On a smaller-scale, EESS is set to become increasingly popular in domestic settings, as homeowners look for more cost effective and sustainable ways to meet their energy needs. Alongside a domestic solar photovoltaics (PV) system, a home battery system allows residents to use the energy they generate, which is more cost effective than exporting surplus energy to the grid and then buying it in during peak times.

In the UK, roughly 3.3% of homes have solar PV panels, equating to around 970,000 properties, according to a 2020 government report. With uncertainty ahead, small-scale residential renewable generation combined with EESS enables consumers to become self-sufficient and mitigate the risks of renewable energy generation while giving them a greater choice as to when they store and when they use energy from their supplier.

Solar and battery projects in the UK and beyond

Halifax-based housing association, Together Housing, recently installed solar panels and smart battery systems across 250 homes as part of a wider aim to create solar capacity of up to 50MW across up to 17,000 of its properties. Data collected over the course of one year suggests average savings of 625kg CO2 and £300 per property per year. The addition of battery storage to solar PV panels is the key here, enabling connected homes to use self-generated electricity day and night to meet up to 80% of their electricity needs

German micro-generators are embracing the benefits of battery storage, something which will hopefully set a precedent for the UK and other countries to follow. The introduction of the Smart Export Guarantee (SEG) in the UK may go some way to incentivise battery installations because payments under the scheme are generally lower than the Feed-in-Tarriff (FiT) and suppliers can set their own tariffs.

Last year, there was a sharp rise in demand for residential EESS in Germany and an estimated 270,000 households are now reaping the rewards of small-scale renewable generation and battery storage. Driven by falling prices and government incentives, around 70% of German solar PV systems are installed alongside a battery and residential storage represents around 2.3GWh of storage capacity across the country.

High installation standards

Standards are critical to the growth of any new technology, allowing the industry to deliver the best outcomes for early investors and ensuring the low-carbon future achieves its potential.

In 2020, the Microgeneration Certification Scheme (MCS) published the first Battery Storage Standard (MIS 3012) which sits alongside its certification of other microgeneration technologies, including solar PV. The standard outlines the installations requirements for MCS certified installers responsible for the supply, design and installation of EESS.

MIS 3012 covers installations up to 50kW and Electrical Energy Storage System (EESS) classes 1-4, which are defined as:

  • Class One: all the components are in the same enclosure, or multiple enclosures from the same manufacturer but with no visible direct current (DC) cable
  • Class Two: battery modules and inverter are in separate enclosures linked by a DC cable but both components from the same manufacturer
  • Class Three: the same as class two, but the battery modules and inverter are from different manufacturers, requiring the installer to determine compatibility
  • Class Four: all components, including battery modules, safety devices and inverters, could all be from different manufacturers but are selected and assembled by the installer to be compatible with each other

Training options for electricians

Skilled and qualified installers are absolutely crucial to the delivery of low carbon technologies. To take advantage of growing markets and deliver lasting solutions for customers, reputable installation companies will need to be MCS accredited and properly trained and qualified.

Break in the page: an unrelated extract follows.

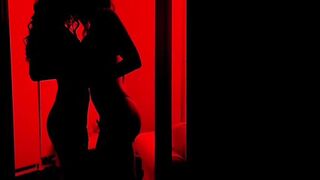 Notyouraveragesisterz (Not Your Average Sisters aka carleyandmercedes) OnlyFans Leaks Carley and Mercedes Busty Sisters Porn Video 6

Engineers who see business potential in battery storage can take LCL Awards Level 3 Award in the Design, Installation and Commissioning of Electrical Energy Storage Systems, which covers all the key installation requirements, including identification of equipment, arrangements and operating modes, design, installation, initial verification and handover. 

This qualification is ideal for practicing electricians who work on properties which generate electricity through renewable means, such as solar PV and wind power. Customers will benefit from installers’ expertise in specifying the best storage solution on a case-by-case basis, allowing them to get more value from their renewable electricity generation, reducing bills and ensuring system efficiency.

Bright future

We must face-up to uncertain supply and cost issues when it comes to power. Rising fuel prices, climate change fears and at the time of writing, unstable world relations, all put the ease at which we electrify our buildings into question.

Homeowners and businesses will increasingly be looking for ways to remove themselves from this instability – battery storage is a key part of this process and offers a bright future for the buildings that can take advantage and the installers trained to facilitate its deployment.